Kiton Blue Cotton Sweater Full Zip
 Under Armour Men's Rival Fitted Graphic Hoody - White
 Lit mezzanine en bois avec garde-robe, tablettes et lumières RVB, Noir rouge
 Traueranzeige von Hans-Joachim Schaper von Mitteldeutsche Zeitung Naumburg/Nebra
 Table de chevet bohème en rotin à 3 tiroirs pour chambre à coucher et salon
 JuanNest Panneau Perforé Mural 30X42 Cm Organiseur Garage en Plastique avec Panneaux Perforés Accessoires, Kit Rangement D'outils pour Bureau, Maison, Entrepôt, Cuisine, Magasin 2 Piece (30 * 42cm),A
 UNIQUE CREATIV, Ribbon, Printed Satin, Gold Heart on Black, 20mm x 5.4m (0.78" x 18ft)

--

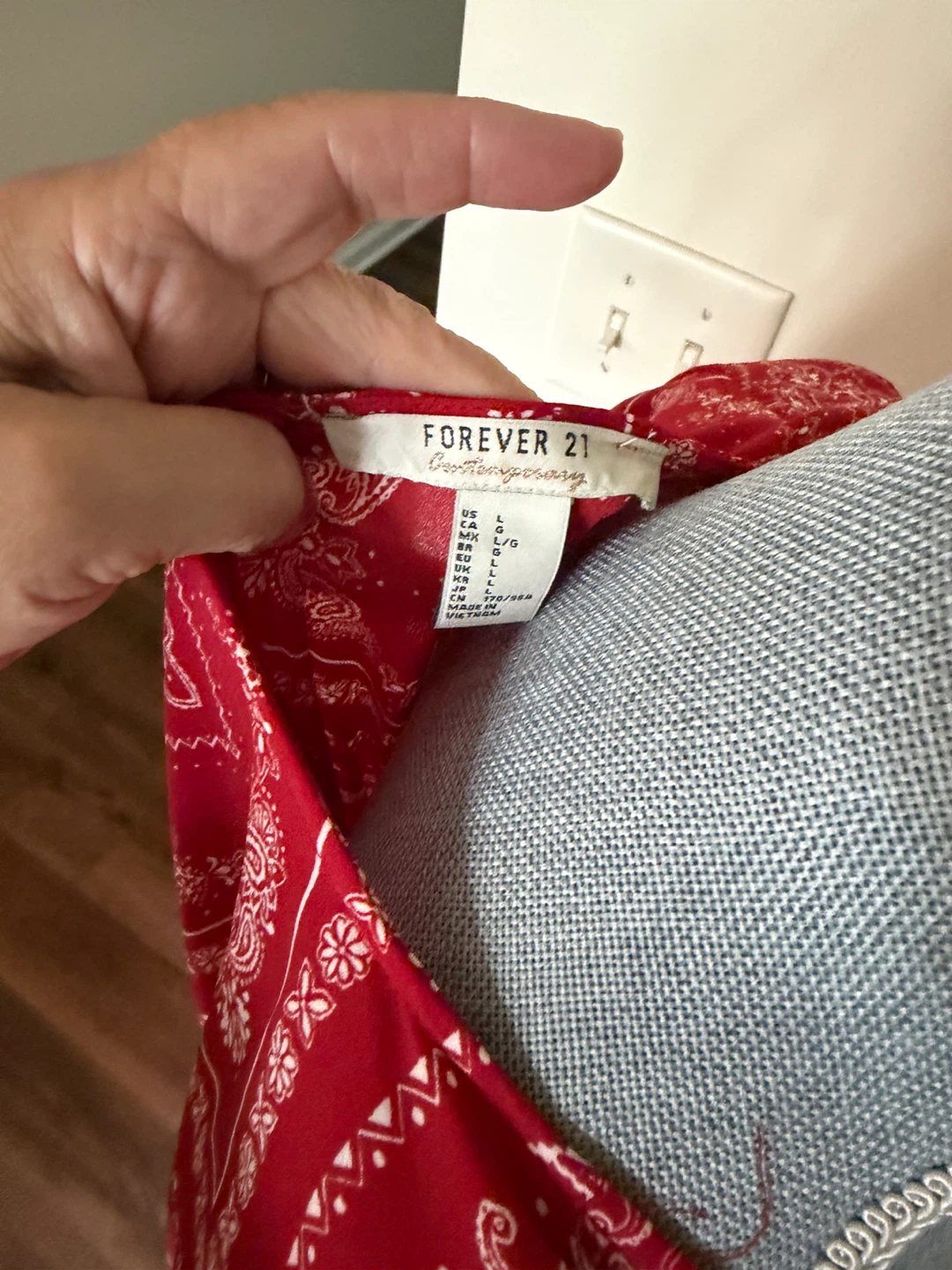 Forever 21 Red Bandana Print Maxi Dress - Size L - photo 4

...

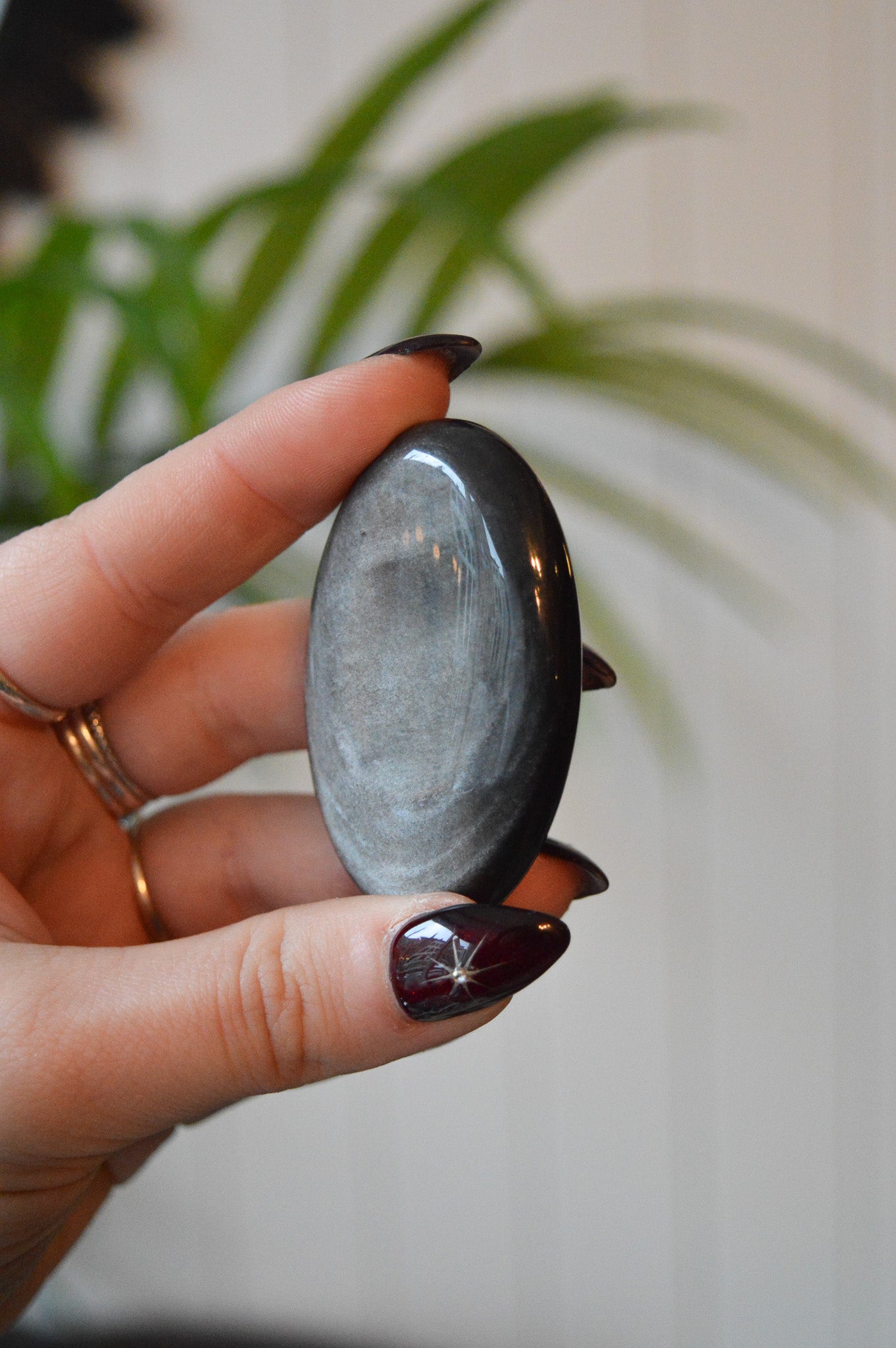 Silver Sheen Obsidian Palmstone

* Problem requirements: Taking the line with "Kiton Blue Cotton Sweater Full Zip" as the first and the line with "UNIQUE CREATIV, Ribbon, Printed" as the last, retype that stretch of the data above exactly, with no other lines.

* Worked solution:
Kiton Blue Cotton Sweater Full Zip
 Under Armour Men's Rival Fitted Graphic Hoody - White
 Lit mezzanine en bois avec garde-robe, tablettes et lumières RVB, Noir rouge
 Traueranzeige von Hans-Joachim Schaper von Mitteldeutsche Zeitung Naumburg/Nebra
 Table de chevet bohème en rotin à 3 tiroirs pour chambre à coucher et salon
 JuanNest Panneau Perforé Mural 30X42 Cm Organiseur Garage en Plastique avec Panneaux Perforés Accessoires, Kit Rangement D'outils pour Bureau, Maison, Entrepôt, Cuisine, Magasin 2 Piece (30 * 42cm),A
 UNIQUE CREATIV, Ribbon, Printed Satin, Gold Heart on Black, 20mm x 5.4m (0.78" x 18ft)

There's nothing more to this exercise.